The unwitting visitor today will register a sense of some surprise as they pass through the narrow non-descript streets of the town of Saint-Gilles-du-Gard into a small square and suddenly find themselves in the presence of a massive, ornately carved church façade of a rare grandeur, all the more imposing for the banality of its surroundings.
Closer inspection will reveal that the faces of the stone carved figures have been systematically and most efficiently removed by some violent means. It can be reasonably said that no other standing religious edifice bears such severe scars from the turmoil which its presence apparently incited.
This is the abbey church of Saint-Gilles, great bastion of Cluny and it has been said, the fourth greatest pilgrimage destination of the medieval world after Jerusalem, Rome and Compostela. Here were kept the relics of a hermit confessor saint who had lived some time in the eighth or ninth century, and whose cult had developed into one of real eminence in the medieval world.
Originally a monastery established in the seventh century dedicated to Saints Peter and Paul, it was well located on a small defensible hill in the flat region of the Rhône delta on the banks of the Petit-Rhône equidistant between Nîmes and Arles. In the ninth century the monks arranged for the relics of Saint Gilles to be translated to the monastery and for the dedication to be changed to the new saint.
In 1066 the monastery was given over to Cluny by the local suzerain, the Countess of Nîmes, however this was greatly resented by the monks who only came to fully accept the authority of the Burgundian abbey after the intervention in 1077 of Pope Gregory VII.
So began the rise of Saint-Gilles into the most important monastic centre of Provence. Alongside Moissac and Vézelay it was one of only three Cluniac dependencies given the privilege of electing its own abbot.
Around the monastery a flourishing town of nine parishes grew up and its port became a great commercial hub. Genoans and Pisans competed for trade and the town boasted one hundred and thirty-five Italian and Jewish moneychangers.

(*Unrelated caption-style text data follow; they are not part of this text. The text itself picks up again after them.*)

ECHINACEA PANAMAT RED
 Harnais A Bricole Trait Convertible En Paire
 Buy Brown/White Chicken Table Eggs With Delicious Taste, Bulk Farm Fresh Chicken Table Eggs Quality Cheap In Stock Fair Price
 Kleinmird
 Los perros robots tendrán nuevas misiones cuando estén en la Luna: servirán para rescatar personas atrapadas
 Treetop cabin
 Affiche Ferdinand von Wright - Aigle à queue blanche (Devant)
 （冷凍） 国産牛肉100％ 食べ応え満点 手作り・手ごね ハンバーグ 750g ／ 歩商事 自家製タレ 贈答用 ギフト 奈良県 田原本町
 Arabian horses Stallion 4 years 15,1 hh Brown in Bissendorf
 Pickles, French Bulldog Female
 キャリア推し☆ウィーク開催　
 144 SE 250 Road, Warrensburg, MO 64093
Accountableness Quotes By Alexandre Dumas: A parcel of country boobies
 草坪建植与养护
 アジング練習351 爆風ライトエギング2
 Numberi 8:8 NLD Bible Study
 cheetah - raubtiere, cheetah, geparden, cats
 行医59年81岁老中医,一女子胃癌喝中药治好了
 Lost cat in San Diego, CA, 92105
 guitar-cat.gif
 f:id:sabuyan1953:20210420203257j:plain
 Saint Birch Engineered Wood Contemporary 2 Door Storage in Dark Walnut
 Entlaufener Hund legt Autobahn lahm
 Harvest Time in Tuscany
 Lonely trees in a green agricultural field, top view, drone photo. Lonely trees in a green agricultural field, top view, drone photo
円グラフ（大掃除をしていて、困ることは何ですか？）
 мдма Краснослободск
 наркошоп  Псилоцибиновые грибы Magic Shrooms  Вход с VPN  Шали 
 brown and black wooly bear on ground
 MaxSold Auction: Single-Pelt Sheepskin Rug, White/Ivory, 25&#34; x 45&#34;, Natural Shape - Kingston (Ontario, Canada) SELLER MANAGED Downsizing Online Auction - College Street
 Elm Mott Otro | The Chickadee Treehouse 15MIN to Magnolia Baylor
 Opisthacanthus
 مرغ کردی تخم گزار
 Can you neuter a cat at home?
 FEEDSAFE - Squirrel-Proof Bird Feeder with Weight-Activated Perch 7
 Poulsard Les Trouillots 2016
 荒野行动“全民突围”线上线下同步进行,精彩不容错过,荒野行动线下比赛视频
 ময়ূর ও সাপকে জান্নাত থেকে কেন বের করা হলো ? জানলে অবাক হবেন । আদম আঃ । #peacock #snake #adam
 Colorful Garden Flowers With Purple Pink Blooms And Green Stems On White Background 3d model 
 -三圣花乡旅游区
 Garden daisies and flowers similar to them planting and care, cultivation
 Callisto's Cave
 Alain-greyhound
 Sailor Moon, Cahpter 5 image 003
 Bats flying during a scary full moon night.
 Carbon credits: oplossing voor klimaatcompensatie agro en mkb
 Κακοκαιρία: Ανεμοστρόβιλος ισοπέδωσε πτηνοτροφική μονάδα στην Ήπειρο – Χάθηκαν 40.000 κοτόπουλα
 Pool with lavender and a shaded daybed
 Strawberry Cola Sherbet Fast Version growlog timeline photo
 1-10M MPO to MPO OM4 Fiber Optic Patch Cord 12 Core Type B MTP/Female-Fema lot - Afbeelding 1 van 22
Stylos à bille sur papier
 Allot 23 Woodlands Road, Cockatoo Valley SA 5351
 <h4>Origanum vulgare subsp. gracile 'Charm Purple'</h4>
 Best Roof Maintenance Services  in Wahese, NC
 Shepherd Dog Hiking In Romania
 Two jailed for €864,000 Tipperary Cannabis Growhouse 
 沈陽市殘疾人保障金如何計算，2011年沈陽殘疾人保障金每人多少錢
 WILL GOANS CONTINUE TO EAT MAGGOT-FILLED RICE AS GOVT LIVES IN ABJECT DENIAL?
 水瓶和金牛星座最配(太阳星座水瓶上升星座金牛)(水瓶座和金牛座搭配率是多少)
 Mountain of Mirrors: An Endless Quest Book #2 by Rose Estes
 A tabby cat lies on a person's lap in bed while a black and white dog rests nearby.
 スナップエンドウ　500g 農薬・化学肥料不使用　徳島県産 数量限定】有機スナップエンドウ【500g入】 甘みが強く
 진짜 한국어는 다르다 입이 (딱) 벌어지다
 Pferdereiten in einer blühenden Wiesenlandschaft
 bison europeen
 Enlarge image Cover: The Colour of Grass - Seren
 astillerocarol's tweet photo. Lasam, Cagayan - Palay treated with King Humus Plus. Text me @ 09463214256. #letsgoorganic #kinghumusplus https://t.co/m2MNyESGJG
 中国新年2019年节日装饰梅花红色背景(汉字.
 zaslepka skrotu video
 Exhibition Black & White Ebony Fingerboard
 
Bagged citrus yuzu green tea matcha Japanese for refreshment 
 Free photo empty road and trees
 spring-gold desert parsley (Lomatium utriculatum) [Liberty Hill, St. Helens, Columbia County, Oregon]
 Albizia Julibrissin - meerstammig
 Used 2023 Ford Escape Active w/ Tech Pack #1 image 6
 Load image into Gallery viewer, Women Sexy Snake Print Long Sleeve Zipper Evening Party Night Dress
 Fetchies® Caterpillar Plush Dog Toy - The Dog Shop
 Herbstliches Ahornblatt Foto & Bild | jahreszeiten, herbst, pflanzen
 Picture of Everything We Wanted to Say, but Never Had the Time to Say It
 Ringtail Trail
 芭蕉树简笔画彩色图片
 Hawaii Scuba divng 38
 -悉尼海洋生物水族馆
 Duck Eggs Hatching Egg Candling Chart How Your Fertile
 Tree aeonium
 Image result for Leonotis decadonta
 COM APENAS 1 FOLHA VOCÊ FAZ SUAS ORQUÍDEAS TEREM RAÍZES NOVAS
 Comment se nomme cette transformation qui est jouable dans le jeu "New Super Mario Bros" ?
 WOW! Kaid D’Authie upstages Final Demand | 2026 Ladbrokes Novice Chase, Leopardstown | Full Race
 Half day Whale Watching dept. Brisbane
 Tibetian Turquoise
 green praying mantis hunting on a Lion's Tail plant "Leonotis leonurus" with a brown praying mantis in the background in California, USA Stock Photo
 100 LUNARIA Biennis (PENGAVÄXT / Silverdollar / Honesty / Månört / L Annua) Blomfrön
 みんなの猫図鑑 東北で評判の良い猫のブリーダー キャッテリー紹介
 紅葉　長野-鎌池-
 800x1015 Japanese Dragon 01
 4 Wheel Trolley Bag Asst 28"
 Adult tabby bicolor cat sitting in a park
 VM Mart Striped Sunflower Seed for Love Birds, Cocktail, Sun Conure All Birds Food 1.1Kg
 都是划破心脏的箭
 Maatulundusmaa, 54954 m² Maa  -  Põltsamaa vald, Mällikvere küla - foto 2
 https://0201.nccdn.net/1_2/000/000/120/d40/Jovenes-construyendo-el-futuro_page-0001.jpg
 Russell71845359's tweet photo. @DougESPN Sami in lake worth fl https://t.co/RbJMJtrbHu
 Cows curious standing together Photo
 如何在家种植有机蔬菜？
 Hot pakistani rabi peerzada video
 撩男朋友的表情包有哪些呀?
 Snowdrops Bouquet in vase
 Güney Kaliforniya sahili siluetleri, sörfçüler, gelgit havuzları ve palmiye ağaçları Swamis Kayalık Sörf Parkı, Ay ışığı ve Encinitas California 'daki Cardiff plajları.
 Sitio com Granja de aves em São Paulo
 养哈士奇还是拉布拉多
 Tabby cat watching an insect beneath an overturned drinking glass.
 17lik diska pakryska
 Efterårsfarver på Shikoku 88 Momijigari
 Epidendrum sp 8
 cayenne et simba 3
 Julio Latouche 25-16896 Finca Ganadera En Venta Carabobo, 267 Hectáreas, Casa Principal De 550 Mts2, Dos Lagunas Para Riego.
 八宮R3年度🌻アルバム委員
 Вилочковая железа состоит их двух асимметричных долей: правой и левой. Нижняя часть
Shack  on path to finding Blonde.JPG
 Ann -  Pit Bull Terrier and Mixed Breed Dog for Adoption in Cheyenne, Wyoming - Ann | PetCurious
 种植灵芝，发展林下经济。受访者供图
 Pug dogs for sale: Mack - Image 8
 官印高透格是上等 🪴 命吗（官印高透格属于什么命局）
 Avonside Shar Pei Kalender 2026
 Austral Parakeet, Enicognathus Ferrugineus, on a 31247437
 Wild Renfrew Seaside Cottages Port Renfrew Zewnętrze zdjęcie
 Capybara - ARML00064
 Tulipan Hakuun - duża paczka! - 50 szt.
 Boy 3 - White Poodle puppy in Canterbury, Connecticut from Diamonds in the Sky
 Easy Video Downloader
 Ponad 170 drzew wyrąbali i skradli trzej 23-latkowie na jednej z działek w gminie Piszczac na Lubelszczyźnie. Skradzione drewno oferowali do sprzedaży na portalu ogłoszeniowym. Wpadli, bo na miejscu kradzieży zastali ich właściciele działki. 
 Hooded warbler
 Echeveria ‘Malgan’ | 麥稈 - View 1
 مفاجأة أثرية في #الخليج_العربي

Saint-Gilles was a veritable pilgrimage crossroads. As well as being a major destination in its own right, pilgrims used it as a point of departure for the sea journey to Rome and Jerusalem. In addition it was a rallying and embarcation point for Crusaders to the Holy Land. Perhaps most significantly, the abbey also benefited from the traffic to Spain and Compostela as a major station on the road between Arles and Toulouse. Twelfth century chroniclers recorded the immense crowds that flocked there at times of festival. Benjamin of Tudela wrote “This town is a place of pilgrimage, visited by the inhabitants of distant countries and islands”
This prestigious position meant that the abbey and its town were the subject of continual dispute, between its own monks and the parent abbey of Cluny and the Counts of Toulouse all competing for control to the extent that the period of Saint-Gilles greatest success was one marked by a good deal of turbulence. The great building campaign inaugurated by Abbot Hugues of Cluny and consecrated by Pope Urban II in July 1096, was marked by long periods of disruption all through the twelfth century.
An eventful history saw the execution of heretics, the assassinations of Papal envoys and the ritual humiliation of one of the most powerful feudal lords of the day, all on the steps of the church. It culminated in 1562 with the capture and sacking of the abbey by Huguenots and the mutilation of the façade’s sculpture, the largest ensemble of Romanesque art in Languedoc, by means of precisely aimed musket fire.